Summary: In terms of sheer numbers, Continental Airlines is the worst offender, followed by Delta (now merged with Northwest), Alaska Airlines, American Airlines, and United.
It’s always unnerving to read about the things that could go wrong on a simple flight, even a domestic one. I travel internationally more than domestically, but I’ve got to leave the dogs at home (and boyfriend, who takes over their care). Bowdu, in fact, moved with my boyfriend and me from Taiwan, where we were living at the time we got him, to the United States. We chose an inopportune time to return to the States — the beginning of August 2006, when most US airlines had heavy restrictions or a total embargo on the transport of pets. Rather than fly Bowdu separately with a cargo or pet-shipping service (or worse, abandon him like so many do in Taiwan), we shelled out a lot of money to fly an alternate route that only took off and landed at nighttime/early morning. In retrospect, we should’ve just bought him a seat of his own!
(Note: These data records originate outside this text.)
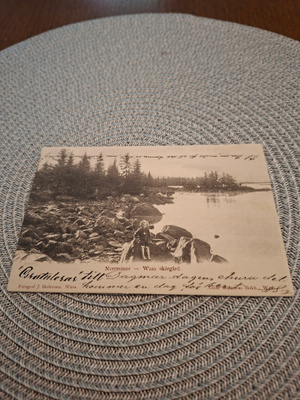 2Z Vaasa Norrminne saaristo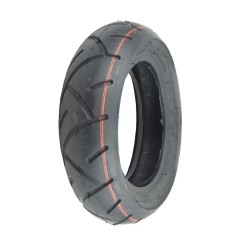 Pneu route 10x3.0 de 10 pouces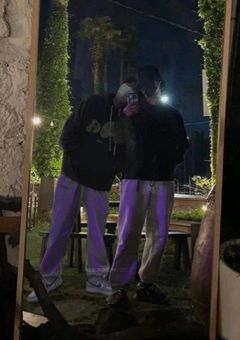 フルコースはディナーの後に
We booked tickets through EVA Air 長榮航空 (Taiwan) through Vancouver and Toronto with Air Canada, with a final destination in Detroit. The folks at EVA were extremely helpful and accommodating, perhaps because by coincidence, the flight attendant who checked us in also had a shiba at home and had been watching out for us the whole time. We arrived a little late, having wrestled too long with transport and administrative details, and the flight attendant saw that we were visibly agitated about the whole trip — perhaps why she bumped us up to business class. The transfers through Canada did not proceed as smoothly (including an unexpected extended layover in Vancouver due to a canceled flight), but we got back safe and sound, which is the important thing.
One of my greatest wishes for a changed world is to see traveling with pets become easier. Fees are relatively exorbitant, in my opinion, relative to the amount of additional “services” rendered in most cases. In other cases, outright prohibitions close off negotiation altogether. It has been pointed out to me that these kinds of rules will change only when standards of pet ownership change; overall, pet owners are just not responsible enough. The laws in place reflect rampant negligence that I am ultimately powerless to prevent. Still, we can strive and hope for progress.